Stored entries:
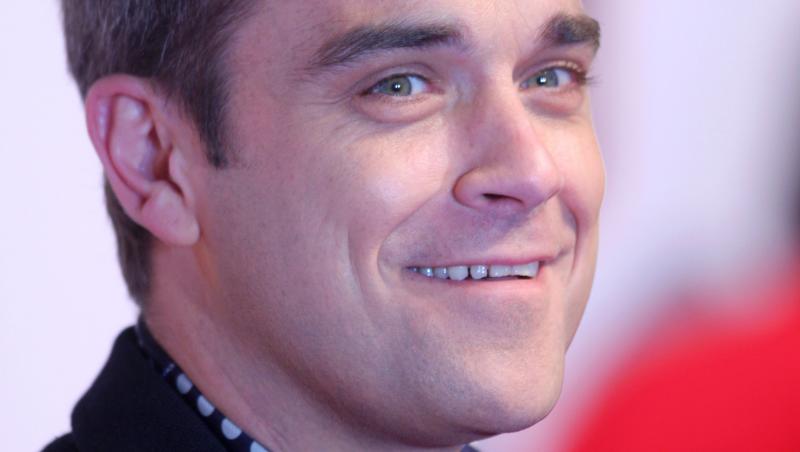Robbie Williams, de la Take That la artist solo! Cum a reuşit să îşi construiască o carieră de succes
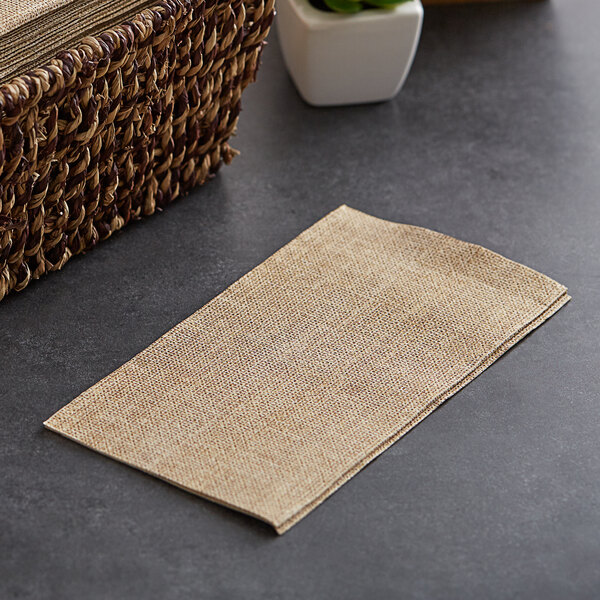 A basket of Hoffmaster FashnPoint burlap print guest towels on a table.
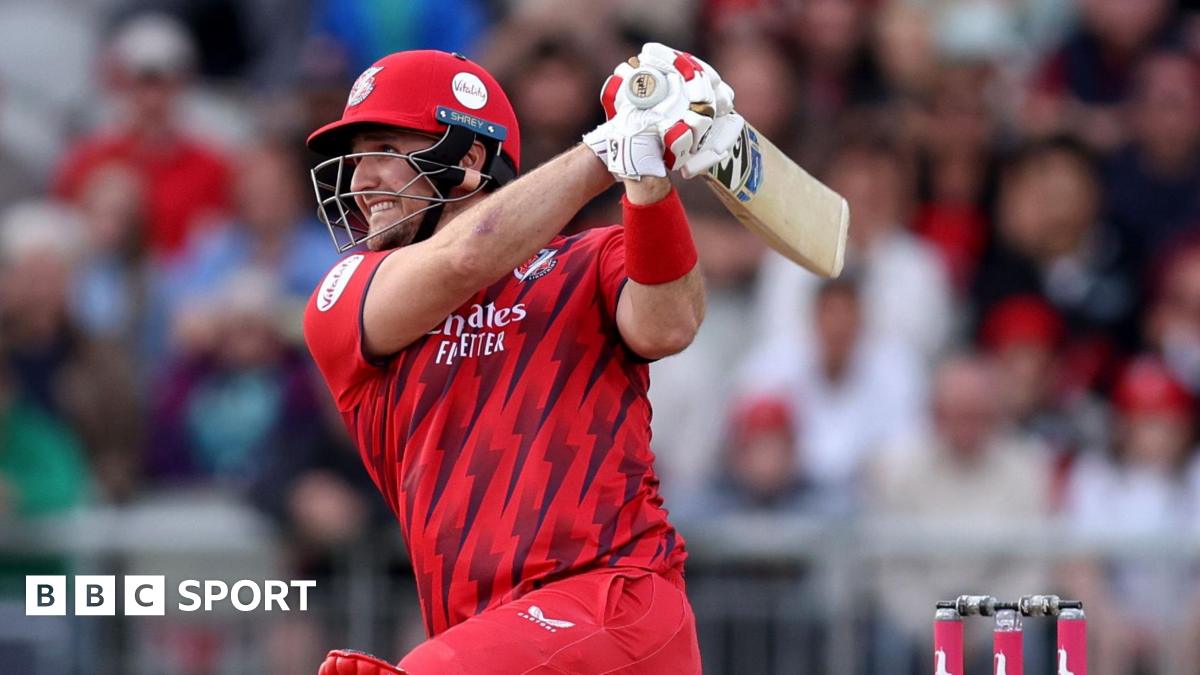 Liam Livingstone playing for Lancashire, hitting a shot down on one knee with his bat over his shoulder in the follow-through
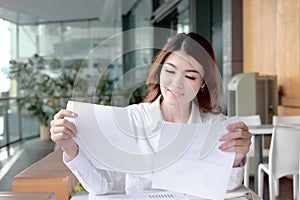 Portrait of confident young Asian business woman analyzing charts or paperwork in her hands in office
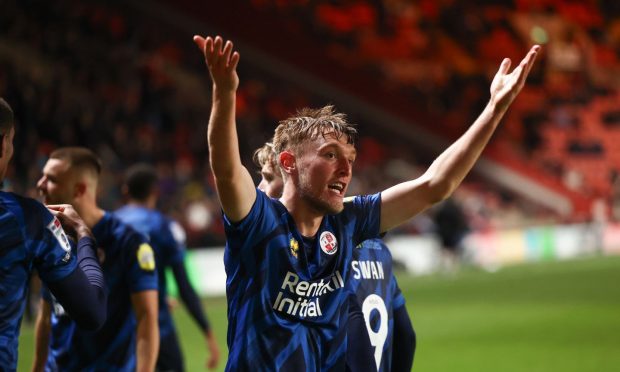 Max Anderson celebrates his winner for Crawley Town at Charlton.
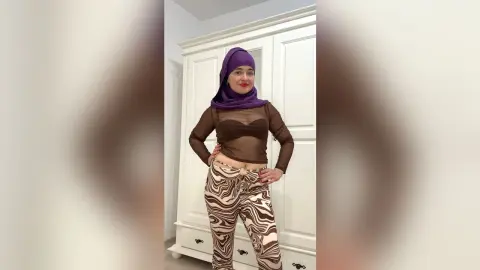 Confident woman in a purple hijab, brown sheer top, and patterned trousers posing in a bright room.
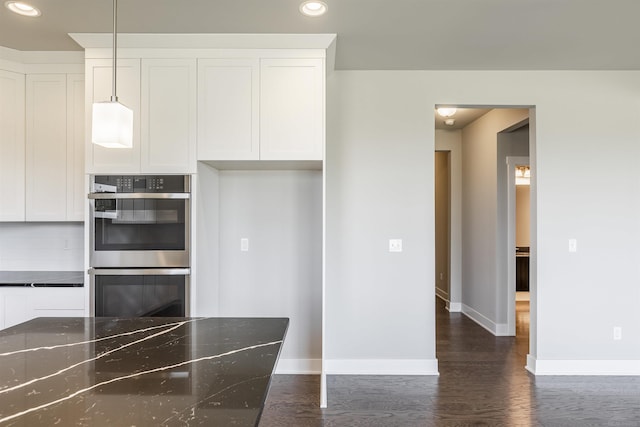 kitchen featuring baseboards, double oven, dark wood-style floors, and white cabinetry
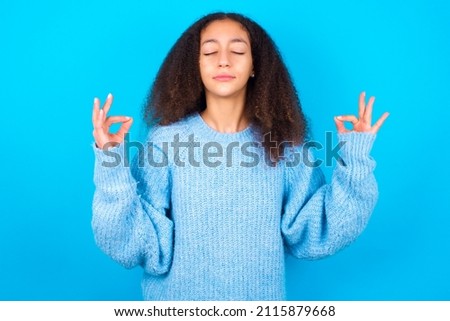 beautiful teenager girl wearing blue sweater over blue background doing yoga, keeping eyes closed, holding fingers in mudra gesture. Meditation, religion and spiritual practices.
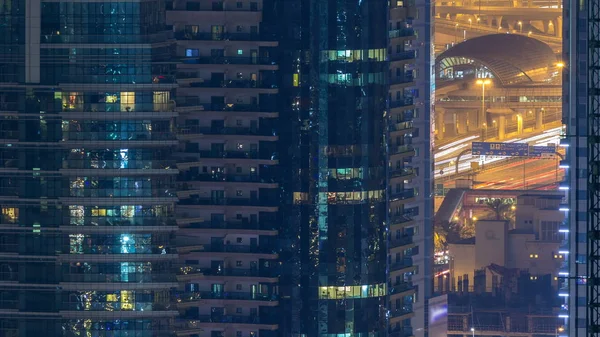 Residential towers with lighting and illumination timelapse. Metro station and promenade on Dubai Marina skyline at night. Traffic near skyscrapers with glowing windows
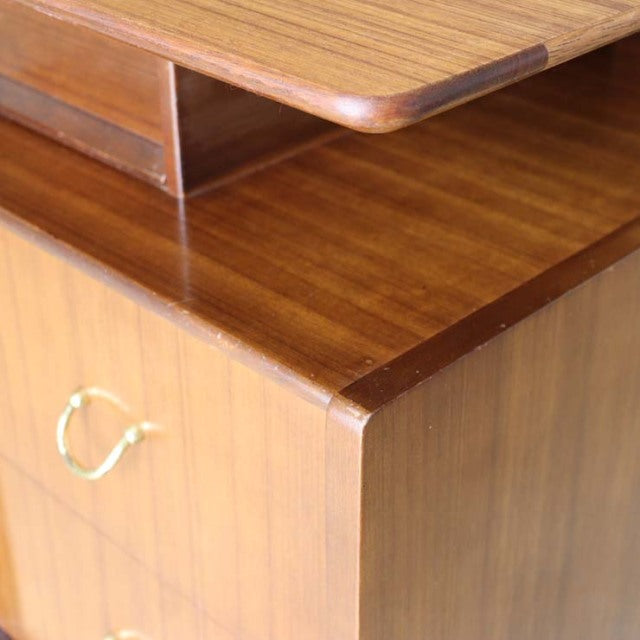 Vintage teak G-Plan desk corner showing smooth wood grain, curved edge, and brass drawer handle in British mid-century.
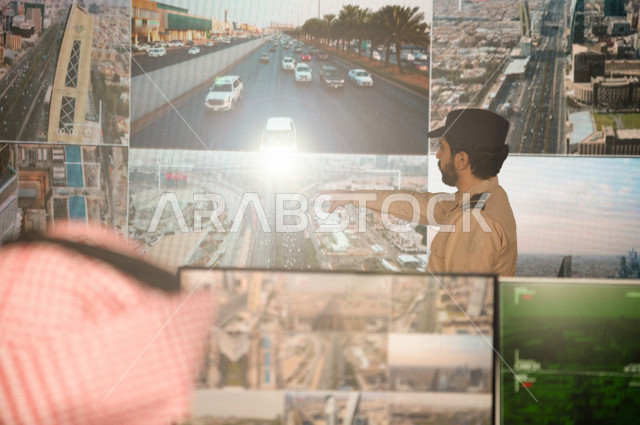 رجل سعودي خليجي يدير القسم الامني  ، يقوم بتتبع كاميرات المراقبة مع رجل الامن الذي يعمل بالمكان ،  ، يرتدي الزي السعودي التقليدي ، الحفاظ على الامن و الطمأنينة ، حراسة و امان 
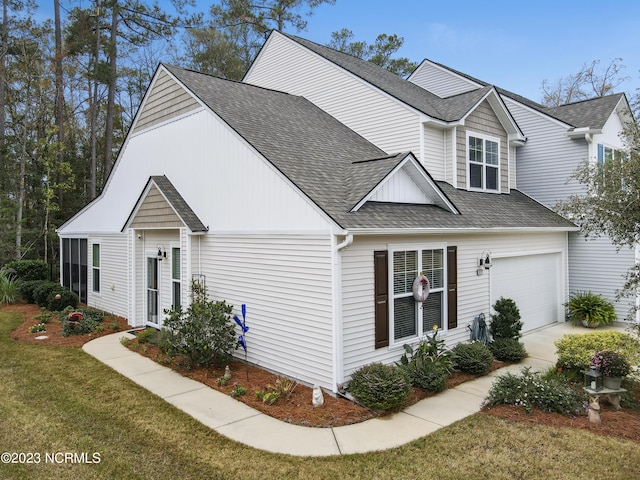 traditional home with a shingled roof and a front lawn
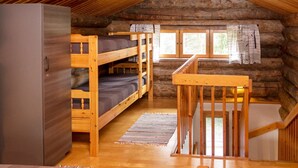 A log cabin with bunk beds, a wooden staircase, and a large wardrobe.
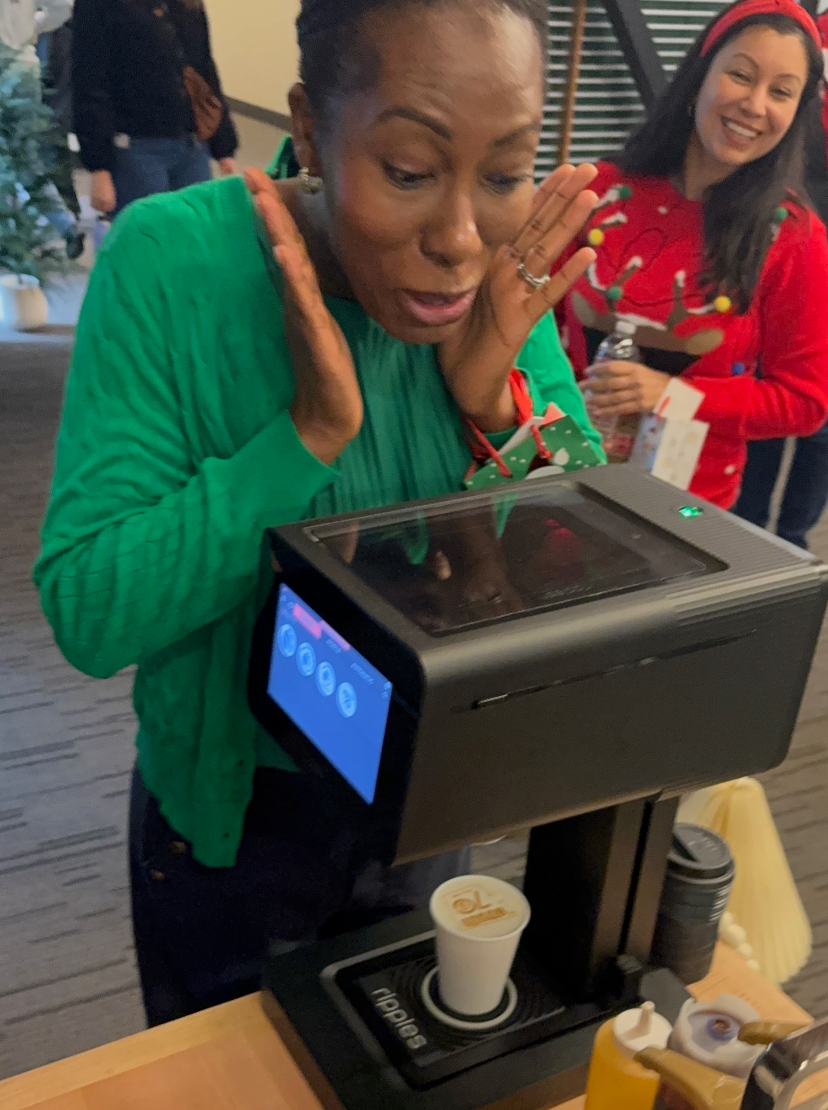 A woman is surprised at how beautiful her coffee print came out.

Exercise prompt: A word-for-word repeat is expected of the lines from the one with "beautiful teenager girl" to the end of the data, both included; pictures are not part of it.

Output for this exercise:
 beautiful teenager girl wearing blue sweater over blue background doing yoga, keeping eyes closed, holding fingers in mudra gesture. Meditation, religion and spiritual practices.
 Residential towers with lighting and illumination timelapse. Metro station and promenade on Dubai Marina skyline at night. Traffic near skyscrapers with glowing windows
 Vintage teak G-Plan desk corner showing smooth wood grain, curved edge, and brass drawer handle in British mid-century.
 رجل سعودي خليجي يدير القسم الامني  ، يقوم بتتبع كاميرات المراقبة مع رجل الامن الذي يعمل بالمكان ،  ، يرتدي الزي السعودي التقليدي ، الحفاظ على الامن و الطمأنينة ، حراسة و امان 
 traditional home with a shingled roof and a front lawn
 A log cabin with bunk beds, a wooden staircase, and a large wardrobe.
 A woman is surprised at how beautiful her coffee print came out.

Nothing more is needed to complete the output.